Paper 2 offers a highly novel, clean causal identification of a widely observed phenomenon (self-correction failure) as a chat-template role-label artifact, using byte-identical claims and broad cross-model/domain evidence. Its immediate, training-free intervention has clear real-world applicability for agent prompting and evaluation, making it timely and actionable. While Paper 1 is rigorous and important for faithfulness in schema-guided reasoning, its contribution is more incremental within existing faithfulness/tool-use debates and the remediation leans on external tools or preference optimization. Paper 2’s finding likely impacts prompting, safety, and agent design broadly.
Paper 2 identifies a specific, mechanistically grounded phenomenon (self-correction failure as a chat-template artifact rather than a capability deficit) with immediate practical implications. It offers rigorous experimental methodology (SHA-256 verified byte-identical claims, 13 model-domain cells, statistical significance), actionable interventions requiring no retraining, and broad applicability across LLM deployments. Paper 1 addresses an important philosophical question but is more speculative, relying on worked case studies rather than empirical validation, and targets a narrower audience. Paper 2's finding is more likely to influence widespread LLM engineering practices and spawn follow-up research.
Paper 1 resolves a major ongoing debate in LLM research regarding self-correction capabilities, demonstrating that failures are driven by chat-template artifacts rather than cognitive deficits. This is a highly novel, paradigm-shifting insight with immediate, broadly applicable real-world implications for prompt design and agentic workflows. While Paper 2 offers a valuable benchmark for optimization-like reasoning, Paper 1's fundamental mechanistic discovery about model behavior gives it broader cross-disciplinary impact and higher immediate relevance.
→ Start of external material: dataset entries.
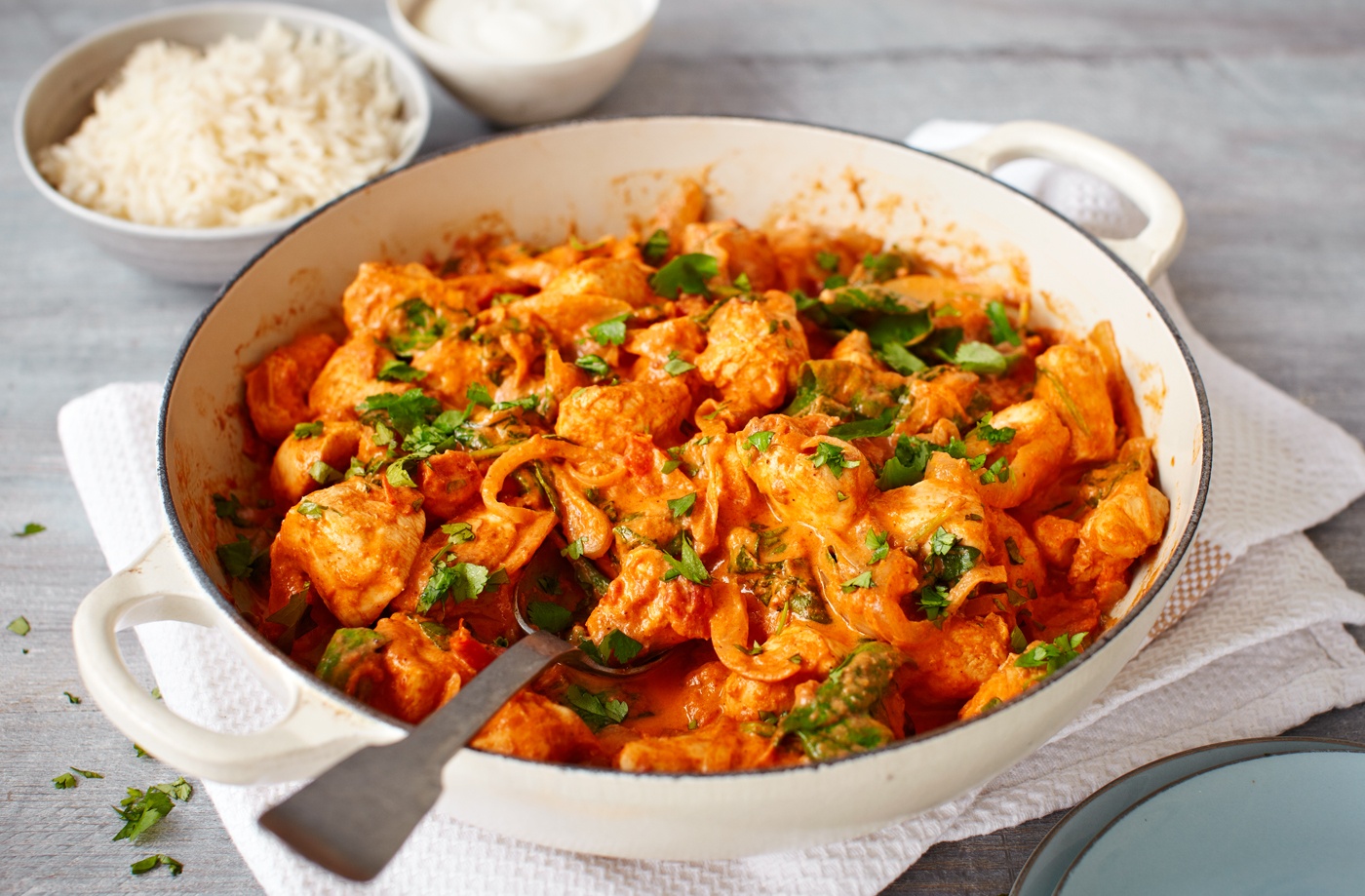 Cheat’s chicken tikka masala  recipe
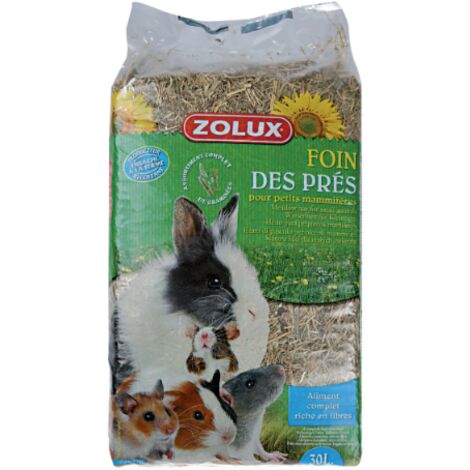 Foin des près pour rongeurs 30 L
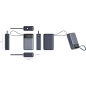 Batterie externe XSSIVE XSS-PB44 – 20 000 mAh, câble USB-C, 65W, noir Batterie externe XSSIVE XSS-PB44 – 20 000 mAh, câble USB-C, 65W, noir
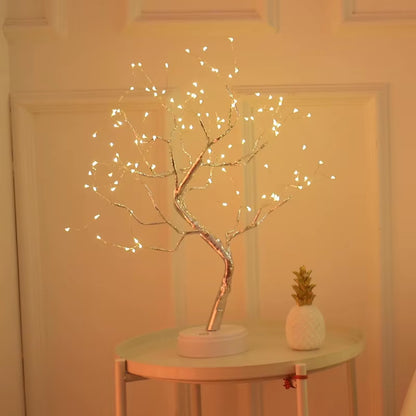 Tabletop Tree Lamp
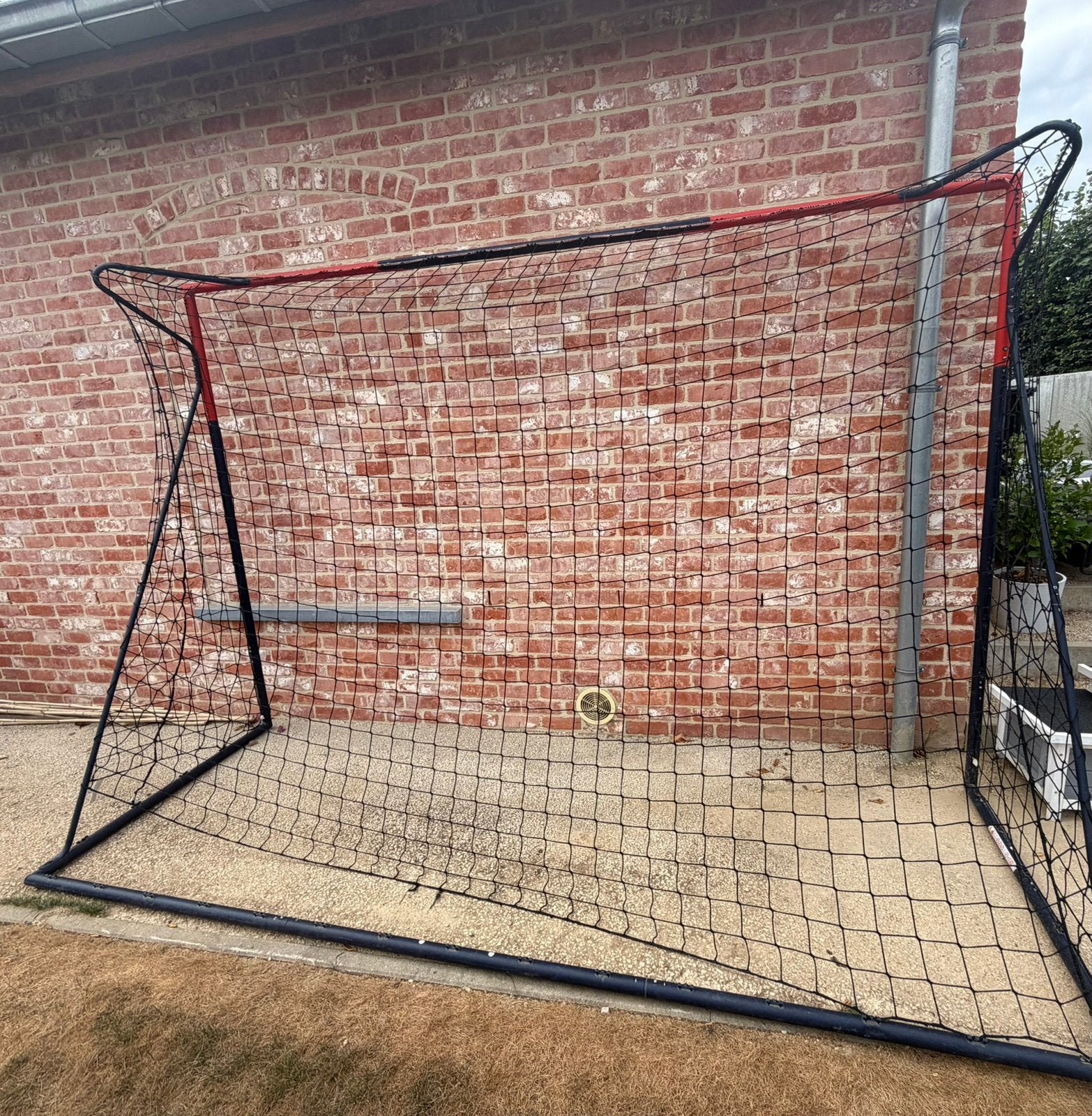 Klassiek L voetbaldoel, Sport en Fitness, Voetbal, Ophalen, Gebruikt
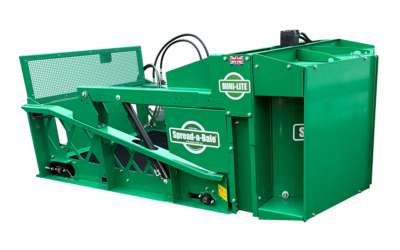 Spread-a-Bale launches Side Throw (ST) Deflector for pig arcs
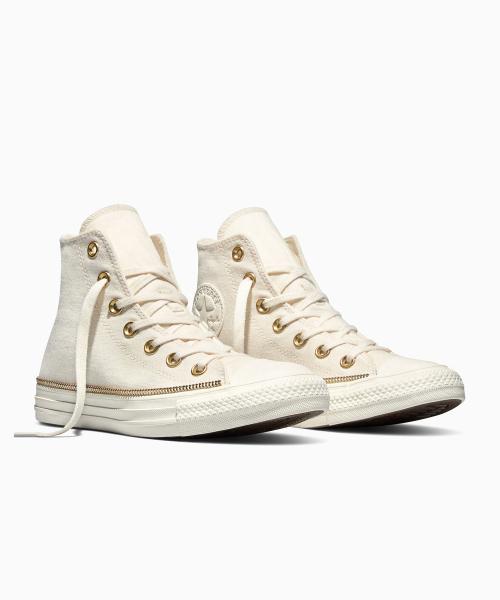 [Converse] Chuck Taylor All Star Zippers Egret (A18287C)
Paper 1 challenges a fundamental assumption about LLM reasoning, revealing that self-correction failures are chat-template artifacts rather than cognitive deficits. This paradigm-shifting insight has profound implications across all LLM research, agent design, and alignment. While Paper 2 achieves impressive state-of-the-art results in formal theorem proving, its impact is largely confined to the AI-for-math subfield. Paper 1 offers broader applicability, rigorous mechanistic insights, and an immediate, training-free intervention for the broader AI community.
Paper 2 likely has higher scientific impact: it introduces a general formal framework and metrics for appropriate reliance with set-valued AI advice, a timely and growing practice for uncertainty communication. The contribution is broadly applicable across human-AI interaction, decision science, and ML evaluation, and can standardize measurement in many experimental paradigms (classification/regression, sequential settings). Paper 1 is novel and practically useful for LLM prompting, but its core claim is tied to chat-template artifacts and may be less generalizable across future model interfaces; its impact is strong but narrower and potentially more transient.